Emirati prosecutors sought a three-year prison sentence but the charges were eventually dropped after an international outcry.
Dubai has been in the news recently also after the wife of ruler Sheikh Mohammed Al Maktoum, Princess Haya Bint al-Hussein, reportedly fled to London. She is said to be in hiding, for fear of her life.
As the home of the al-Jazeera news network and host of the 2022 FIFA World Cup, Qatar likes to project itself as a beacon of modernity and freedom in the Persian Gulf.
But its penal code prescribes up to three years jail for men who have sex with other men and prohibits LGBTI Qataris from campaigning for rights. Adultery is also illegal, punishable by 100 lashes or by death if a Qatari woman cheats on her husband with a foreigner.
In 1998, an American tourist in Qatar was sentenced to six months and 90 lashes for homosexual activity. In 2013, Qatar and all other Gulf Cooperative Countries agreed to discuss a proposal to establish a form of testing to ban homosexuals from visiting the country.
The Philippine Overseas Employment Administration, which regulates the country’s massive expatriate labour industry, warns gay Filipinos they are not welcome in Qatar.
Homosexuality is not explicitly illegal in Egypt but law enforcement in the country that gave the world the pyramids and the sphinx has serious issues with gay men.

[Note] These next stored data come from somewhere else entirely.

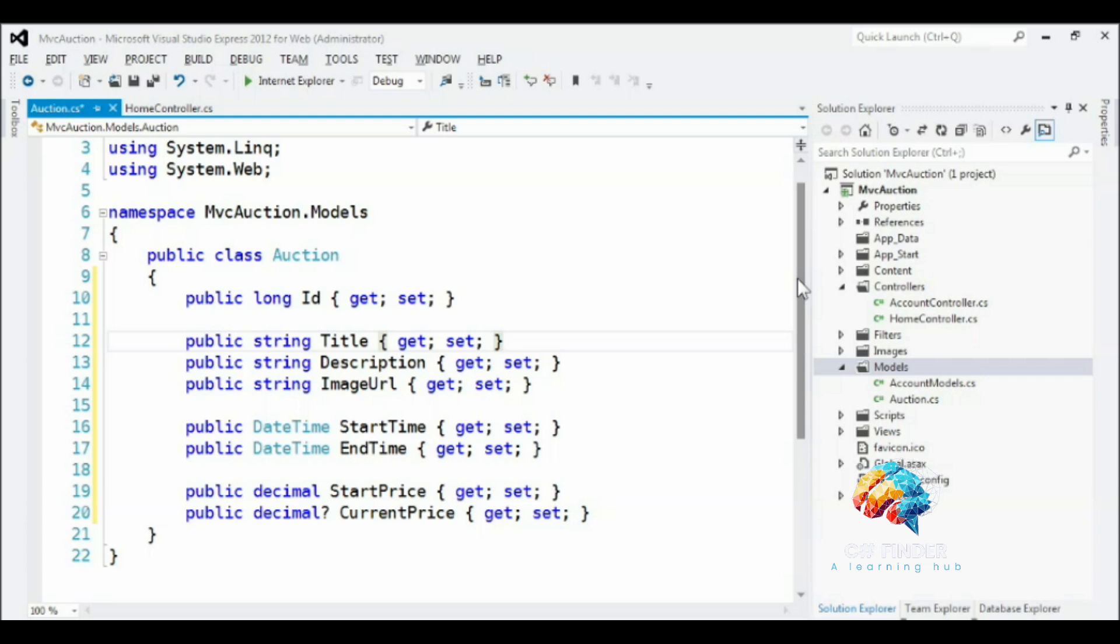Before we move on, however, I'd like to point out that the models folder is merely an organizational convention. You're not actually required to place your models in this folder. To keep things simple, however, I'll continue to create models in the models folder throughout this course, but it's usually a good idea to place these classes in a separate project altogether, and I highly recommend that you do so when developing your own ASP.NET MVC application.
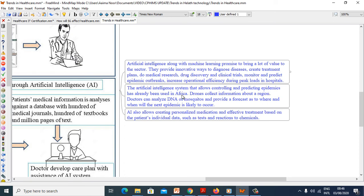The artificial intelligence system that allows controlling and protecting epidemics has already been used in Africa. Drones collect information about a region. Doctors can analyze DNA of mosquitoes and provide forecast as to where and when the next epidemic is likely to occur.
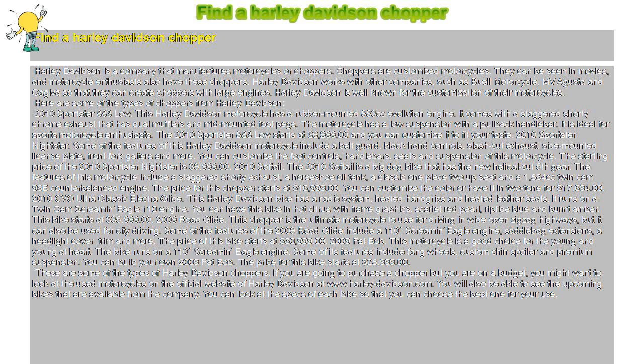Some of its features include fang wheels, custom chin spoiler, and premium suspension. You can build your own 2009 Fat Bob. The price for this bike starts at $25,999.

Since 2013, more than 300 gay or allegedly gay men in Egypt have been rounded up, charged and prosecuted for debauchery, according to the Egyptian Initiative for Human Rights. The same organisation also accused Egyptian police of electrocuting the genitals of gay detainees and raping them with batons.
There are also widespread reports of Egyptian police using gay dating apps such as Grindr to entrap gay men, including a Syrian refugee who was deported back to his war-torn country last year after getting caught in a gay police sting.

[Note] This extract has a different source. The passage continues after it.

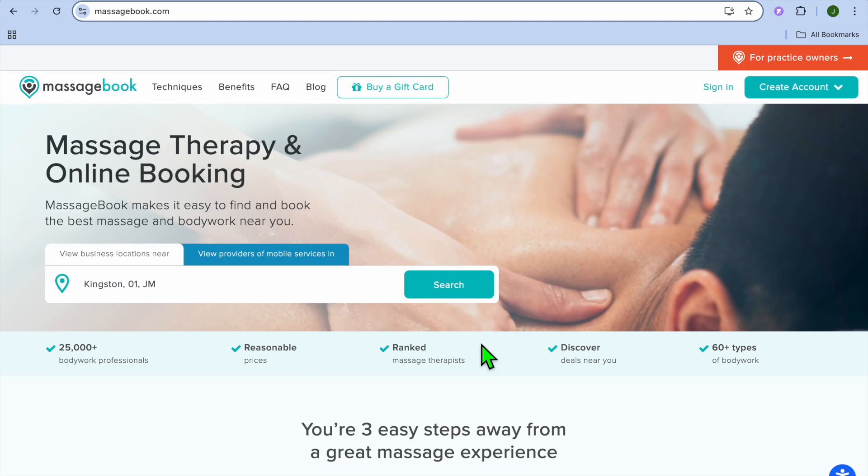Massage Book Tutorial. Hello, hope you're doing good. I'm your host Jason. In this video, I will be showing you how to use Massage Book.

“Just for waving a rainbow flag you can get arrested,” a gay Egyptian man told NBC news last year.
Iran is a ridiculously beautiful country and its people are among the most hospitable in the world. But its government has serious gay issues.
Unlike Brunei, which experts say is unlikely to ever execute an LGBTI person, Iran does it regularly. According to Wikileaks, the country has executed between 4000 and 6000 homosexual men and women since sharia was implemented in 1979.
A recent victim, an unnamed 31-year-old man, was hanged in the south-western city of Kazeroon on January 10 after being found guilty of gay sex and kidnapping two 15 year-olds, the Iranian Students’ News Agency reported, adding “the citizens of Kazeroon expressed satisfaction and thanked the judiciary”.
A country that imprisons its own people for doing nothing more than liking tweets critical of government and prohibits women travelling overseas without a male guardian, Saudi Arabia also ranks as the most homophobic backwater on the planet.
Sodomy is punishable by flogging, imprisonment or public beheading. In one case, the executed prisoner’s corpse was crucified, according to Amnesty International.
In April, 37 people were executed in Saudi Arabia in a single day. Five of them had allegedly confessed – after being tortured by police – to having gay sex, according to court documents obtained by CNN.